I was a staunch speedway fan from the age of seven. I attended every home match at Harringay Stadium, the Racers were my team and I showed it by sporting metal and plastic badges on my jacket. On my jackets the lapels were always the first to go. My one hobby during those years was collecting speedway programme. The hardest to acquire were St Austell and Long Eaton, but I eventually had at least one programme from every British track. I also had every programme from every home meeting in which the Harringay Racers took place - also every test match at Harringay. The Racers line-up featured Split Waterman, Ron How, Jack Biggs, Arthur Attkinson, Jeff Lloyd (Capt), Ole Nygren, Jimmy Sqibb and Nobby Stock.

I remember Ole Nygren being introduced to the crowd at Harringay. He did 6 laps on his orange painted bike and the crowd immediately loved him. I also recall a young Alf Hagon featuring in the team as initially a junior, then as reserve for some matches - that was way before his successful venture into supplying (virtually everything) for speedway bikes. In those days (50's) riders wore black leathers, but I remember West-Ham making themselves more colourful by painting their leathers....Howdy Byford wore blue, Malcolm Craven gold etc.

I also went to Rye House twice when it was but a virtual training school. The only rider I can remember was Albie Golden. And it was damned dangerous at Rye House. On the straights you could stand right next to the track, so close you could touch the rider. The safety fence consisted of a framework of lengths of 4x4" wooden posts on which was attached sheets of corrugated iron!!!!!

My line-up will test the memory of many speedway fans. I supported Harringay Racers from 1948 to the mid fifties. I believe I saw some of the greatest riders and my selection names many of the greats of that era and later years. I don't care what anyone says, you couldn't beat this team!


I was only 7 when I first saw Vic Duggan ride at Harringay. He captained the Harringay Racers until he retired and was a wonderful credit to the team. Vic Duggan was a legend in post-war speedway and won many championships, although the World Championship eluded him.

My ultimate favourite rider. He had previously ridden for New Cross, Wembley and Wimbledon before arriving at Harrigay. He was the ultimate rider for any team, flambouyant, daring and wonderful to watch. He also came in very handy when through friends he got me and two friends best seats to see the 1951 World Championship at Wembley Stadium. After a three-man ride-off Jack Young became World Champion, Split came second with Jack Biggs third. Record producer Pete Waterman claims to be the nephew of Squire Francis 'Split' Waterman.
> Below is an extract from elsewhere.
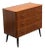 Scandinavian Mid Century Teak Three Drawer Chest of Drawers For Sale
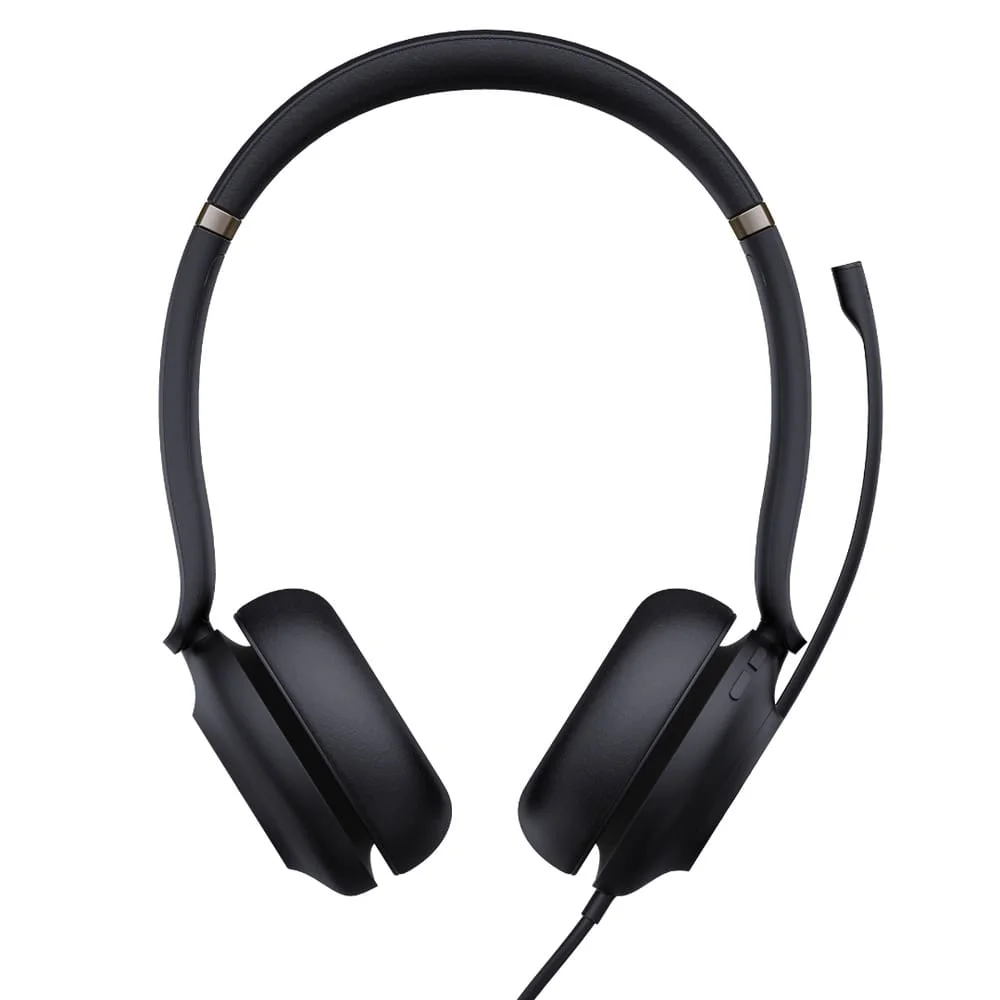 Yealink UH35 Dual USB Wired Headset (Microsoft Teams) (1308163) Black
What can I possibly say about Barry Briggs that hasn't already been said. I remember him as a virtual junior for the Dons and even then he was good. His World Championship record speaks for itself. Around 1976, I was managing Alvin Stardust and we were invited to Wimbledon Speedway which was being managed by ex Don, Cyril Maidment. We spent the entire evening in the pits talking to riders, and it was during that night that Alvin had his photograph taken with Briggo, the photograph appeared in one of Barry Briggs books.

The most immaculately turned out rider, who was also the most immaculate of riders. Tremendous style, a rider who deserved to be World Champion. During the 50's you could tell a rider by the shape of his handlebars. Ronnie Moore's bars were a virtual U shape. An exciting rider who should be nominated in any team. I seem to recall that Ronnie came from Tasmania, but he would ride for Australia and later New Zealand.

Another of my favourite Harringay riders. A regular choice for any Australian test team, Jack Biggs was a winner of a rider and a very nice man. He so nice he often allowed my friend and I to wash his car, a maroon woodie American estate. Biggsy was one of those riders who should have won everything, in the 1951 World Championship he would've been World Champ if he's come first in his last race instead of a close second. In the ride-off against Jack Young and Split Waterman he came third!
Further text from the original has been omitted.